NHKの新プロジェクトXで、姫路城平成の大修理における屋根瓦の白漆喰塗りの物語が放映されました。
番組の記憶をたどると・・・
平成の大修理で、屋根の漆喰塗りの工事はX社が受注しました。ところが、X社は姫路城の屋根の漆喰塗りに特有の技術を保有していなかったのです。
普段から姫路城の修理を行っており、屋根の漆喰塗り技術を保有している会社がありました。Y社です。Y社のBさんがその技術を保有していました。
X社のAさんは、左官の高度の技術を有する職人でした。X社が工事を受注したので、Aさんが中心になって施工することになったのですが、左官のプロとはいえ、姫路城の屋根独特の技術はわかりません。
窮地に立ったX社のAさんは、技術を保有しているY社のBさんに教えを請いに行きます。本来であれば、受注をのがしたY社が、競争相手のX社に技術を開示する義理はありません。それはAさんも分かっています。しかしAさんは腰を低くしてBさんに接触しました。
そこでY社のBさんは、X社のAさんに技術を開示することを決断するのです。
一番上の屋根の写真でわかるように、瓦に塗った漆喰の縁の部分が5mmほど盛り上がっています。この盛り上がりを造ることが、一番大切なコツであり、左官のプロであっても一朝一夕ではこの技術が習得できません。AさんをはじめとするX社の職人たちは、Bさんに教わりながらコツを習得しました。
こうして、姫路城の屋根瓦の漆喰塗りは、無事に完成できたのです。

この話、美談ではありますが、そもそも、なぜ技術を保有しているY社が受注しなかったのか、という点が問題です。
ここからは想像ですが、一般競争入札でX社はY社よりも安値で応札し、結果として機械的にX社に発注してしまったのではないか。
発注元が、
 姫路城の屋根瓦の漆喰塗りには特別な技術が必要
 特別な技術を保有しているのはY社
という点を把握していれば、見積額の高低ではなく全体の必要性からY社に発注すべきだったのです。この想像が正しいのであれば、今回のトラブルは発注元の凡ミスです。もしX社のAさんが高い技術を有しながら腰を低くしてBさんに教えを請う勇気を持っていなかったら、もしBさんが意気に感じて競争相手に技術を開示することをしなかったら、姫路城の屋根の漆喰塗りは失敗していたことでしょう。
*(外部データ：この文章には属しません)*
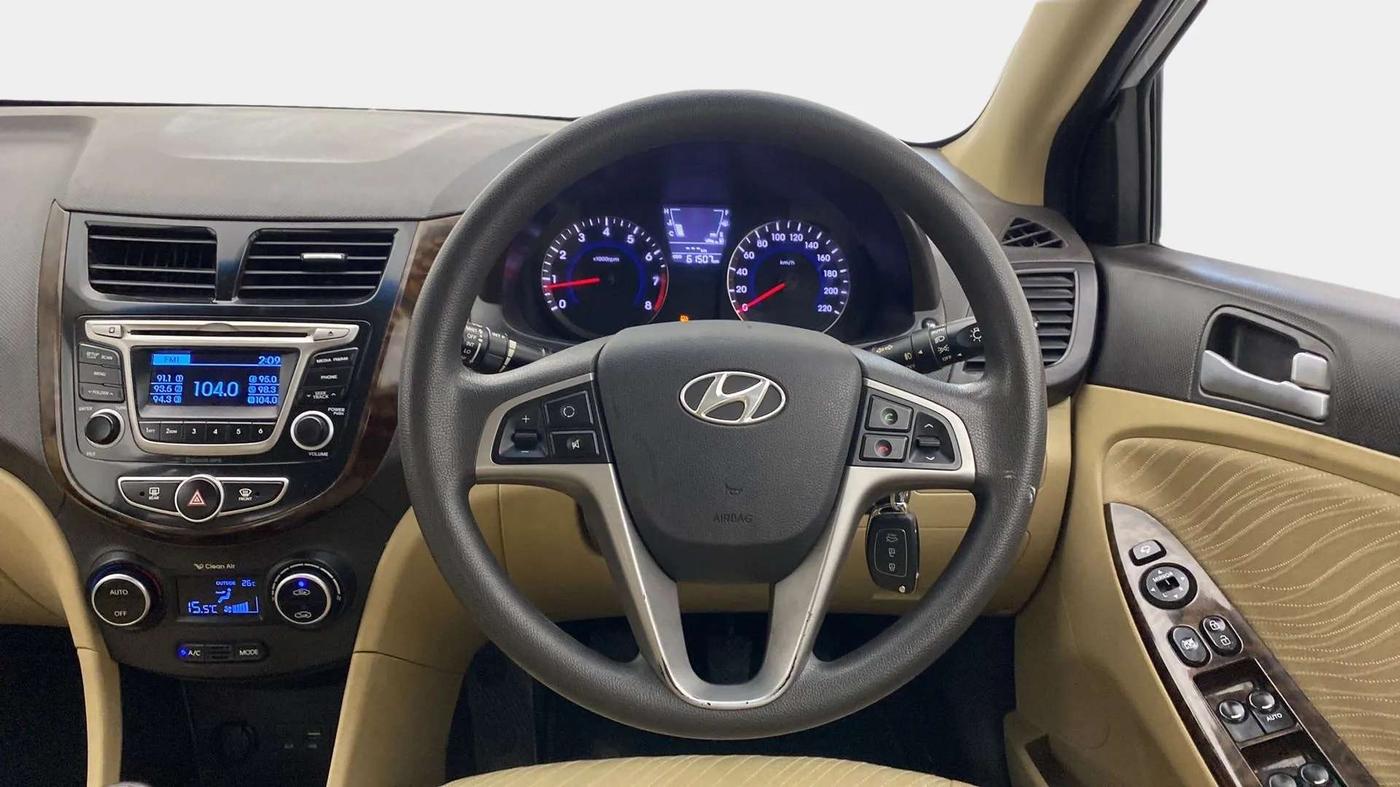 2015 Hyundai Verna FLUIDIC 4S 1.6 VTVT S(O), Petrol, Manual, 61,576 km, Steering Wheel Close Up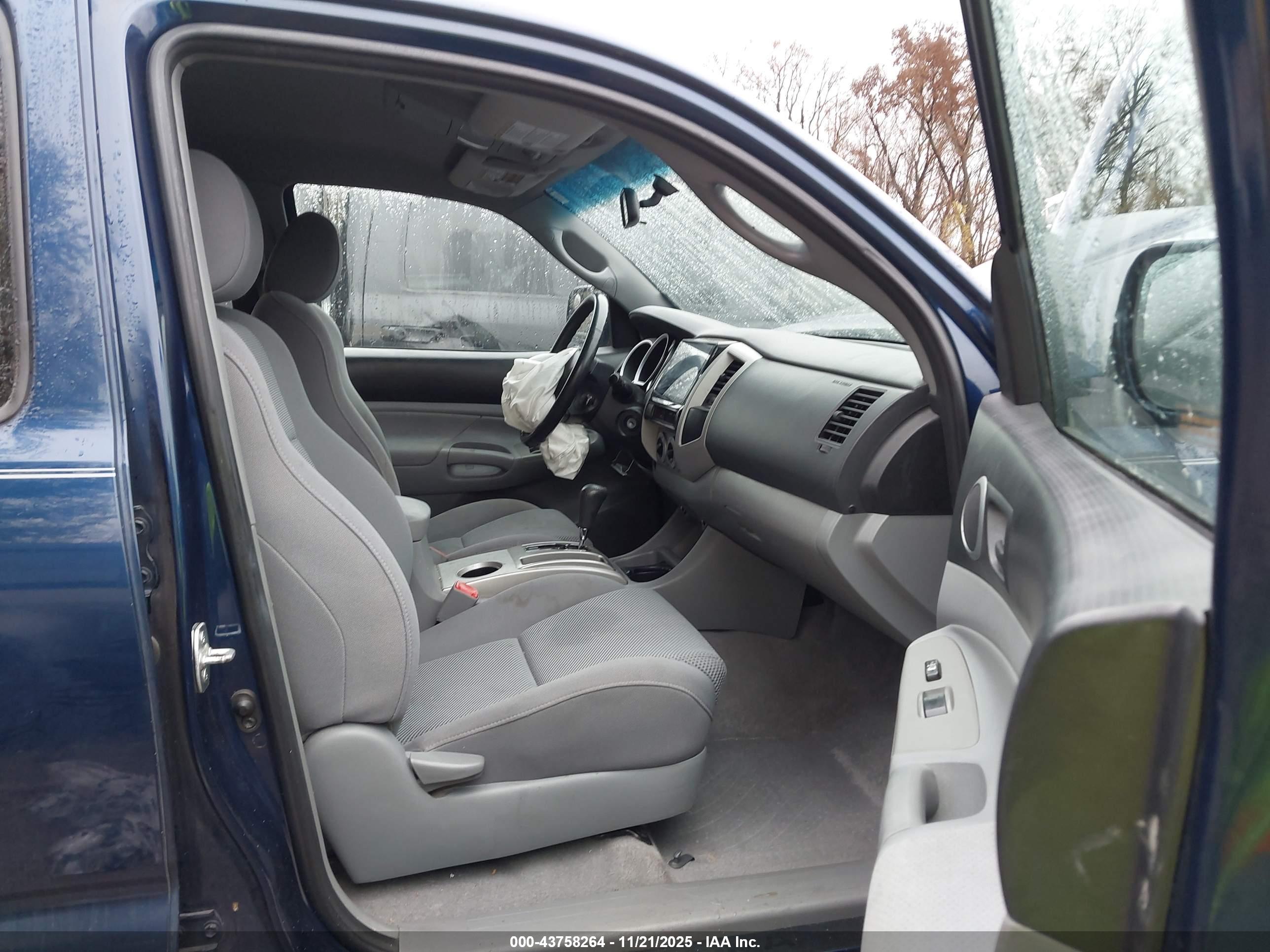 TOYOTA TACOMA image 5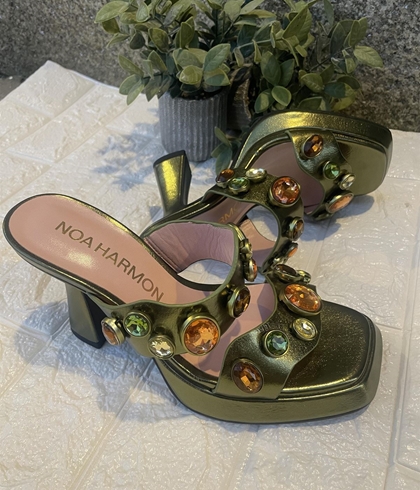 Sandalia Noa Harmon  GRAZIA descalza 2 tiras verdes con piedras - Imagen 1
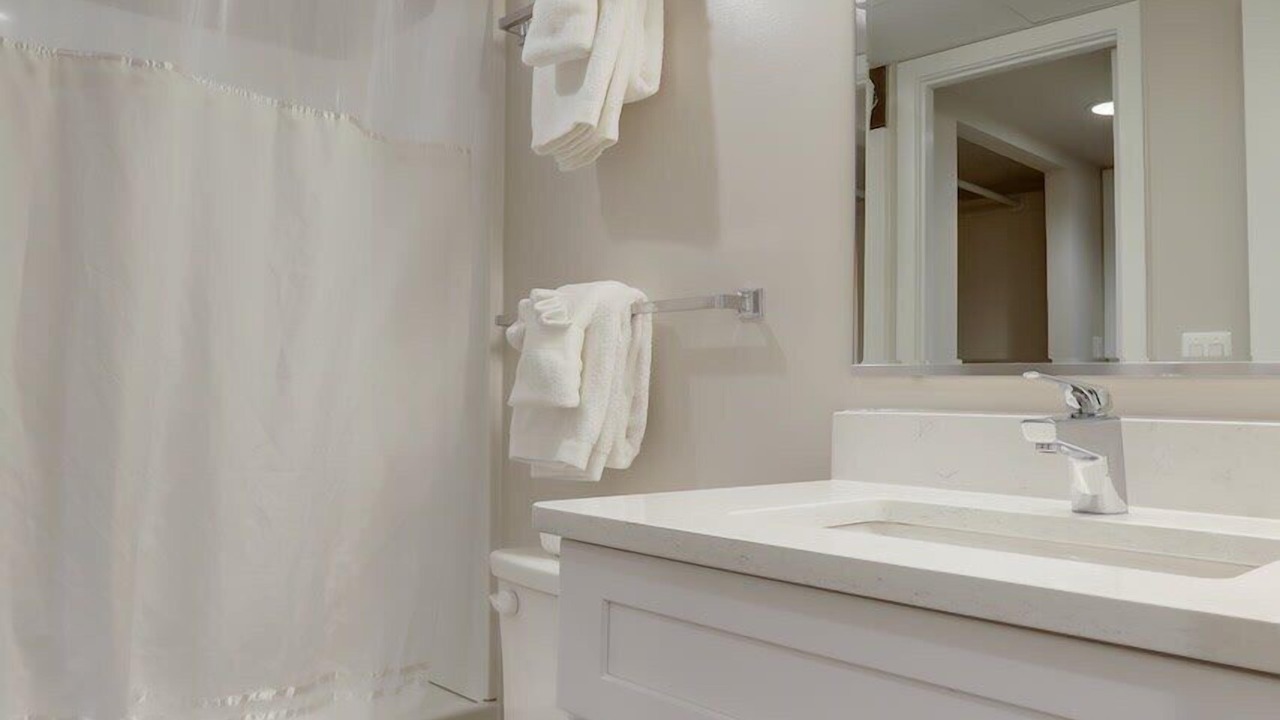 Photo of Bathroom in Court House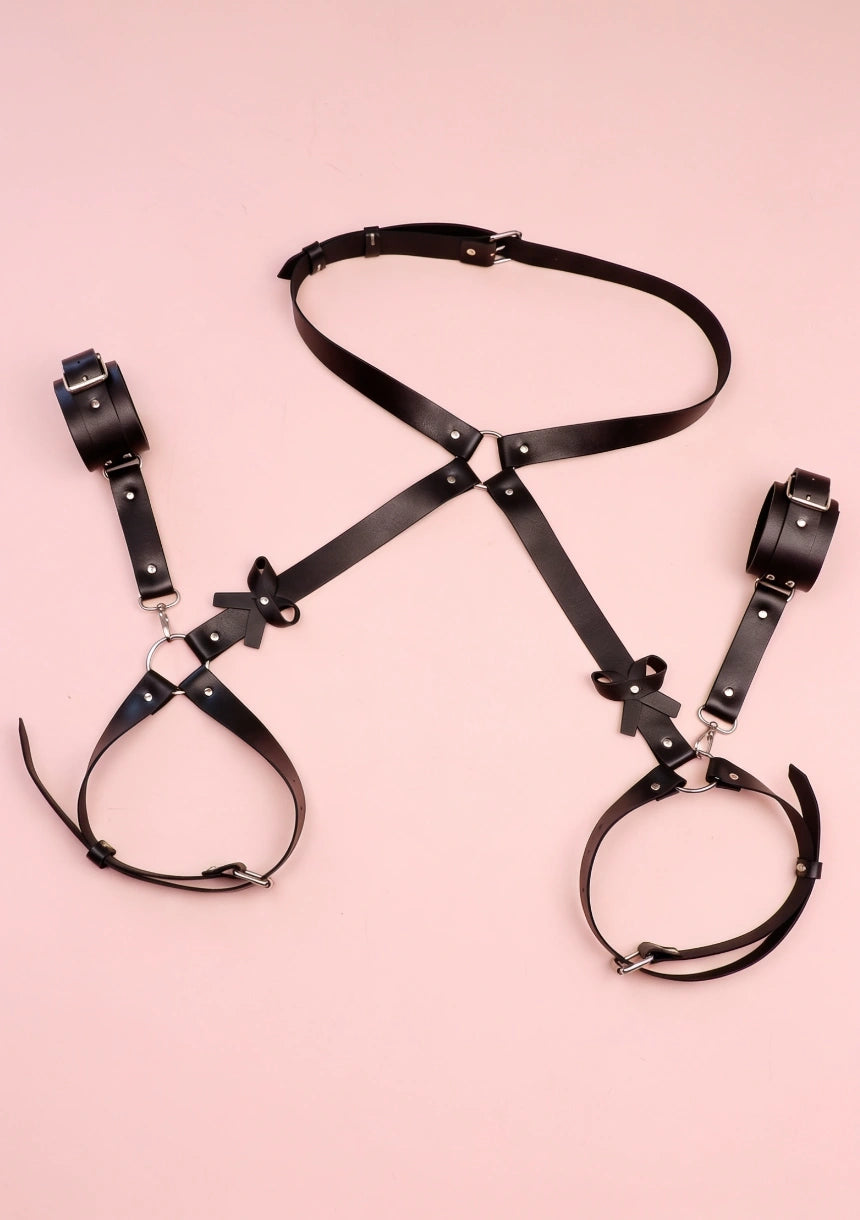 Harness na biodra z kajdankami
技術移転にX社からY社に費用が支払われたかどうかは番組ではわかりませんでした。もし技術移転料が支払われており、結果としてX社は赤字で工事を完了したとしたら、X社の営業の凡ミスです。工事には高度な技術が必要なことを理解せず、安値で応札してしまったのが原因だからです。

ところで、姫路城の屋根瓦にはなぜ漆喰を塗り込めているのでしょうか。
ネットで以下の記事を見つけました。
瓦職人の目線で検証: 姫路城の漆喰~その①
瓦職人の目線で検証 その② 姫路城の屋根しっくい
『姫路城のシックイ工法は、首里城(沖縄県)と熊本城以外の日本の他の地域の城郭や仏閣では例がない。
水はけの悪いシックイは、”本瓦葺き”の特徴と 本平瓦と丸瓦の優位性を抹殺している。
時を同じくして世界文化遺産となった木造建築の”法隆寺”を想い合わせると、その差は歴然。』
この記事の意見からすると、「姫路城屋根瓦の漆喰塗りはやめた方が良い」ということのようです。